## TRY IT:
A verbatim copy of all the data is required; the pictures should not appear in it.

## RECORDED DATA:

====

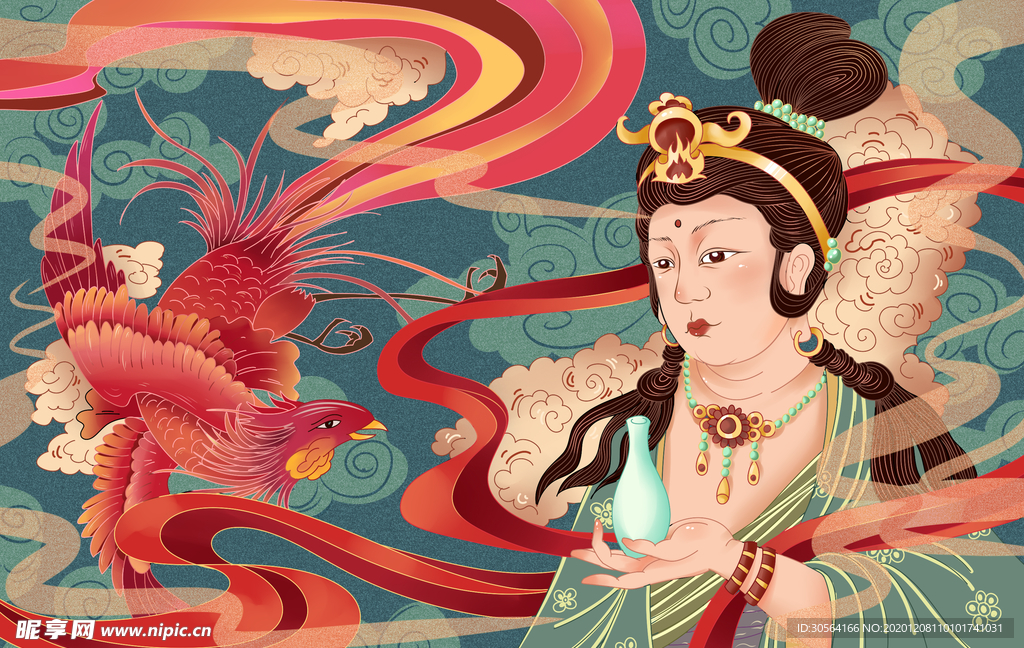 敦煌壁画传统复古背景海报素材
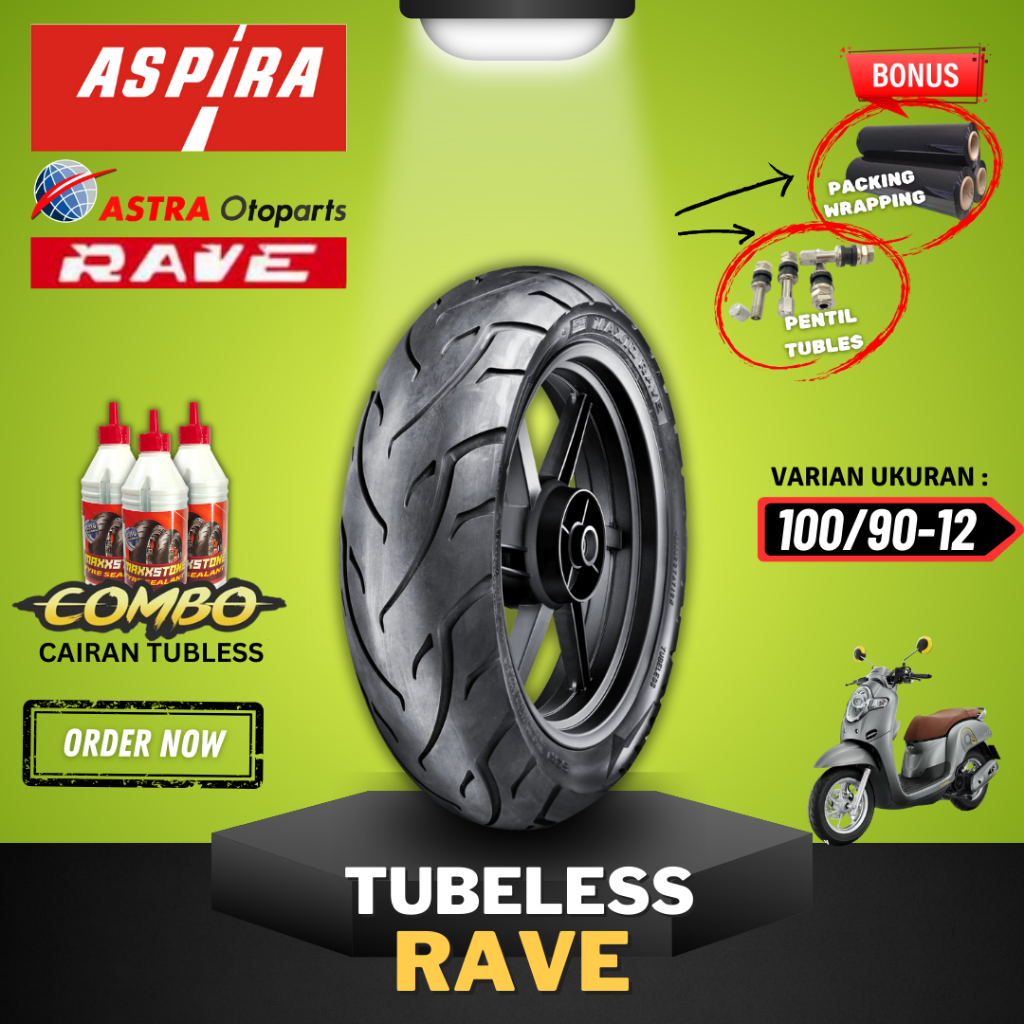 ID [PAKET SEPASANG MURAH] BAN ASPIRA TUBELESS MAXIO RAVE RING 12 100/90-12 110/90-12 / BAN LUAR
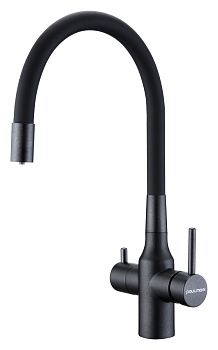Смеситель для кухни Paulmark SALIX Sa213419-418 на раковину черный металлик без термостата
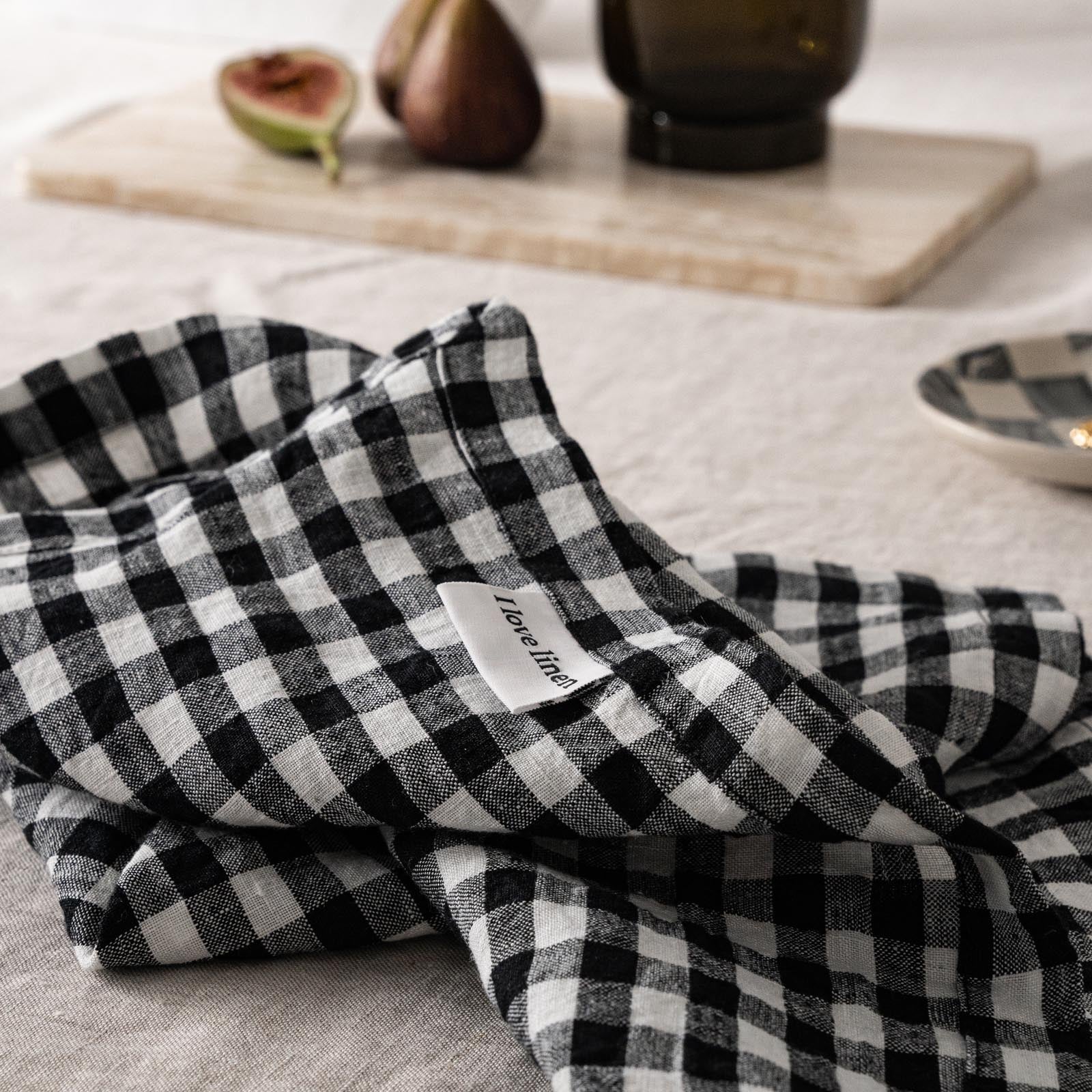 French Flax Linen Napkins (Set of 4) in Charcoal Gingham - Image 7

====

## SOLUTION FOR THIS PROBLEM:
 敦煌壁画传统复古背景海报素材
 ID [PAKET SEPASANG MURAH] BAN ASPIRA TUBELESS MAXIO RAVE RING 12 100/90-12 110/90-12 / BAN LUAR
Смеситель для кухни Paulmark SALIX Sa213419-418 на раковину черный металлик без термостата
 French Flax Linen Napkins (Set of 4) in Charcoal Gingham - Image 7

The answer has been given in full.